Stored records -
******************************

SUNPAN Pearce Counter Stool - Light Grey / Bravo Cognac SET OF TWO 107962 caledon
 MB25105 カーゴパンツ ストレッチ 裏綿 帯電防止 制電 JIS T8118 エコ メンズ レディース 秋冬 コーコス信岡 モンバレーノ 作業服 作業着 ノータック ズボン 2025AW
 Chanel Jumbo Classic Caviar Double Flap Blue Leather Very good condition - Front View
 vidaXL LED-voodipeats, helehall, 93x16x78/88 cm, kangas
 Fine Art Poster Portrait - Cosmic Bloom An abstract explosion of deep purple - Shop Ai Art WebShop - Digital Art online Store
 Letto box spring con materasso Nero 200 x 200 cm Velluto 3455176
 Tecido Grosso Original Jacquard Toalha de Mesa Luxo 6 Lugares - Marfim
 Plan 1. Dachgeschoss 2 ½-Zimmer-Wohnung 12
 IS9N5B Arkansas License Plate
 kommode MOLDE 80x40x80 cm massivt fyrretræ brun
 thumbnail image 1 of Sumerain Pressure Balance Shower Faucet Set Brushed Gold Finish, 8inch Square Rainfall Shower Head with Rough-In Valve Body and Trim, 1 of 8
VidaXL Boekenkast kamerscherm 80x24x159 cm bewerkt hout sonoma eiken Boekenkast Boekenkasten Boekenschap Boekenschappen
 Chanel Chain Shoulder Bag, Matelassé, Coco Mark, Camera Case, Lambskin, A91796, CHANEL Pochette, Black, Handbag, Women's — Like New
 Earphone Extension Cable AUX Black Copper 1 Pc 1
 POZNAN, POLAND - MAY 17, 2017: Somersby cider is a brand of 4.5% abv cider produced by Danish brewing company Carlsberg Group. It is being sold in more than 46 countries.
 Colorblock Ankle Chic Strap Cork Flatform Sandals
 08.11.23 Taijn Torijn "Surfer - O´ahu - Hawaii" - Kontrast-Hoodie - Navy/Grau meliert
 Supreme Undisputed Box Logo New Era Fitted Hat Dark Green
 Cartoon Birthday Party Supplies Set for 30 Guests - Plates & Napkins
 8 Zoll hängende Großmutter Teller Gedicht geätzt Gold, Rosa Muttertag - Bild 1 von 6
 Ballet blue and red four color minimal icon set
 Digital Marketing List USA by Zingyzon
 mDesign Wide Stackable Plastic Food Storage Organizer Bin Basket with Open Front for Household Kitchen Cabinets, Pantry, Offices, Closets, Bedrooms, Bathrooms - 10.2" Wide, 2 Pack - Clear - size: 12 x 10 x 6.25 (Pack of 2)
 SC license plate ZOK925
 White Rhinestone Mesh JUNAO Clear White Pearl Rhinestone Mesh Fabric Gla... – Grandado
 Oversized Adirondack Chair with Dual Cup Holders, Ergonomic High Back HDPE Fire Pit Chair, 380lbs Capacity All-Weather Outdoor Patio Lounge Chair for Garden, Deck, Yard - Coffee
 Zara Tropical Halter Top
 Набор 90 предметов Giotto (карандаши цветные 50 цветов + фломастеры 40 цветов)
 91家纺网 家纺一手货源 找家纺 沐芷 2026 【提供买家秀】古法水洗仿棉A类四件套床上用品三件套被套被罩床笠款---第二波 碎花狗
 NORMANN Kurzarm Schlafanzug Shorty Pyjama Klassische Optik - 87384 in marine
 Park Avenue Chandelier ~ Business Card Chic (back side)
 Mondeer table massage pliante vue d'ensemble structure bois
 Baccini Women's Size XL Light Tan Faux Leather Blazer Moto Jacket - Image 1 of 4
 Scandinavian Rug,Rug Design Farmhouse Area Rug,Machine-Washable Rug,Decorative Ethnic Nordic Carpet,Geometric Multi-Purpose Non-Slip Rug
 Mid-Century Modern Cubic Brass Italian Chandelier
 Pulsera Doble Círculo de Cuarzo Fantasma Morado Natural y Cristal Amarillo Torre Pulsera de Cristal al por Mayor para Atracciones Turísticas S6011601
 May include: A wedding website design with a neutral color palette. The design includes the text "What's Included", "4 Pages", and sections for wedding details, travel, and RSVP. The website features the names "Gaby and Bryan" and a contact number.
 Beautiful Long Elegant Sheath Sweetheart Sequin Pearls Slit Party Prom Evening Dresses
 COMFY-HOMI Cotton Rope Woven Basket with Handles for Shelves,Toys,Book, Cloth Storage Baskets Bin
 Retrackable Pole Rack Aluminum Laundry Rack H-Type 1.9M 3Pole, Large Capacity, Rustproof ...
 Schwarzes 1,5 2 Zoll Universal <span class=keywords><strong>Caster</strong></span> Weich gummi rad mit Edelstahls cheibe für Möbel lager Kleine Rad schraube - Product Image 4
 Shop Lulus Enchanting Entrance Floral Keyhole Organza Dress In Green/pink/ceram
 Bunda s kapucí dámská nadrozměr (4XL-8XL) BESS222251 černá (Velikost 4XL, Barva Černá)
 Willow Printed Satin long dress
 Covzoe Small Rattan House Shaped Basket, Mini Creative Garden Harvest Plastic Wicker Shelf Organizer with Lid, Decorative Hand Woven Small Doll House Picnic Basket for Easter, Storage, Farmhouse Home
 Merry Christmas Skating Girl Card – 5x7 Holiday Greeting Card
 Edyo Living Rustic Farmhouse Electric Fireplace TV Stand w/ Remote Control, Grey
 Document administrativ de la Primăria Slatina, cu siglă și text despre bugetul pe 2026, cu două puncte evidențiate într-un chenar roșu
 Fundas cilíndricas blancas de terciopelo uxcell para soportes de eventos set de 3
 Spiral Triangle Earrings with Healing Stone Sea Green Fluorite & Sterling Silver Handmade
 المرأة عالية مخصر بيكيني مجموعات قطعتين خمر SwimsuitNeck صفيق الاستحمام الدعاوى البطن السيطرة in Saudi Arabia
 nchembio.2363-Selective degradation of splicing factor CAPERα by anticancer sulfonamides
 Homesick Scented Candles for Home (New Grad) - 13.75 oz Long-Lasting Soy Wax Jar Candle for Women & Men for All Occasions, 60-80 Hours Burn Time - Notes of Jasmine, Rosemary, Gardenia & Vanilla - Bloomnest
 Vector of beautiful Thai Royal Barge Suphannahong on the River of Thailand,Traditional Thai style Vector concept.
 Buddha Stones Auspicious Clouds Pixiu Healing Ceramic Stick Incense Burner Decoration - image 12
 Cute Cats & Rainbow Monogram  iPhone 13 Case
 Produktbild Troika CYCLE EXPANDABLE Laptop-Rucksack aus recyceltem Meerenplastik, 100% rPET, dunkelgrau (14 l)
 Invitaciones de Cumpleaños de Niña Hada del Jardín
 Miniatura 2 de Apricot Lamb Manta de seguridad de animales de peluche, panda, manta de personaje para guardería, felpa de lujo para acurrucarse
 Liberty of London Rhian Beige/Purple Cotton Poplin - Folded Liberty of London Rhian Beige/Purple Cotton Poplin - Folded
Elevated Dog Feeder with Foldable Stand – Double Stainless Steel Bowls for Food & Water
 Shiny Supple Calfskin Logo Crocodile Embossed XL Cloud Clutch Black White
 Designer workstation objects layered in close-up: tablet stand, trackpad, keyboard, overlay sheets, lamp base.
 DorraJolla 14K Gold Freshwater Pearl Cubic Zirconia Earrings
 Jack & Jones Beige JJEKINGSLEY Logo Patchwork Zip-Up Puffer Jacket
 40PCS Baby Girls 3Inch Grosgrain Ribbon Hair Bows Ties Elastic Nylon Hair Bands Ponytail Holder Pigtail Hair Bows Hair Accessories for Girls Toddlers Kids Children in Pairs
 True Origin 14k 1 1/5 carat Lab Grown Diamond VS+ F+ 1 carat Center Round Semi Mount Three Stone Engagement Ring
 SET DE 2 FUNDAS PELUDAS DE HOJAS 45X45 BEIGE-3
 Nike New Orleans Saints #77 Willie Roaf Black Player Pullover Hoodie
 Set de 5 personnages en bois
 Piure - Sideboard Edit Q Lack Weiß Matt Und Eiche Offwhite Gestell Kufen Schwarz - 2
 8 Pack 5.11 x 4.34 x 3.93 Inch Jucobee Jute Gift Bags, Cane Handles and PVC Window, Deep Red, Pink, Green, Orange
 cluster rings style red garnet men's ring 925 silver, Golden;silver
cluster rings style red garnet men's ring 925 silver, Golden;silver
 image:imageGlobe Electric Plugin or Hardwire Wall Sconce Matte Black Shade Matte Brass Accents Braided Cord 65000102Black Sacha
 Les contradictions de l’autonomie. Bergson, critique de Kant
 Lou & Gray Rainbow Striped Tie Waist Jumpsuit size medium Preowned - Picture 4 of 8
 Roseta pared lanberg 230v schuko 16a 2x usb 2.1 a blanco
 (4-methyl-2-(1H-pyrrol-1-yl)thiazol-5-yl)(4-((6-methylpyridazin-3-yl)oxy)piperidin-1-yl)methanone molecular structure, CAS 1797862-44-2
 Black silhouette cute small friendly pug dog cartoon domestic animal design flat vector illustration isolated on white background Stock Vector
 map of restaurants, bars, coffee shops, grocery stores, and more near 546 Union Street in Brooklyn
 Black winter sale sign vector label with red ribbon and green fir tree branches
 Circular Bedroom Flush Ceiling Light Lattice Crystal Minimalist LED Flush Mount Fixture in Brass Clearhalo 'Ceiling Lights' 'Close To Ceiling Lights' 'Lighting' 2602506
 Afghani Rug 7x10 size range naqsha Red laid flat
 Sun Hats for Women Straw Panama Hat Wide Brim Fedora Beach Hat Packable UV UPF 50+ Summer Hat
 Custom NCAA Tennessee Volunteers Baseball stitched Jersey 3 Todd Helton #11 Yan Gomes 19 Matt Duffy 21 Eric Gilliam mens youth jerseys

******************************

WHAT THIS TASK INVOLVES -
Your answer must be the lines above from the one containing "8 Zoll hängende" to the one containing "White Rhinestone Mesh", both included, restated word for word.

ANSWER TO THE PROBLEM -
 8 Zoll hängende Großmutter Teller Gedicht geätzt Gold, Rosa Muttertag - Bild 1 von 6
 Ballet blue and red four color minimal icon set
 Digital Marketing List USA by Zingyzon
 mDesign Wide Stackable Plastic Food Storage Organizer Bin Basket with Open Front for Household Kitchen Cabinets, Pantry, Offices, Closets, Bedrooms, Bathrooms - 10.2" Wide, 2 Pack - Clear - size: 12 x 10 x 6.25 (Pack of 2)
 SC license plate ZOK925
 White Rhinestone Mesh JUNAO Clear White Pearl Rhinestone Mesh Fabric Gla... – Grandado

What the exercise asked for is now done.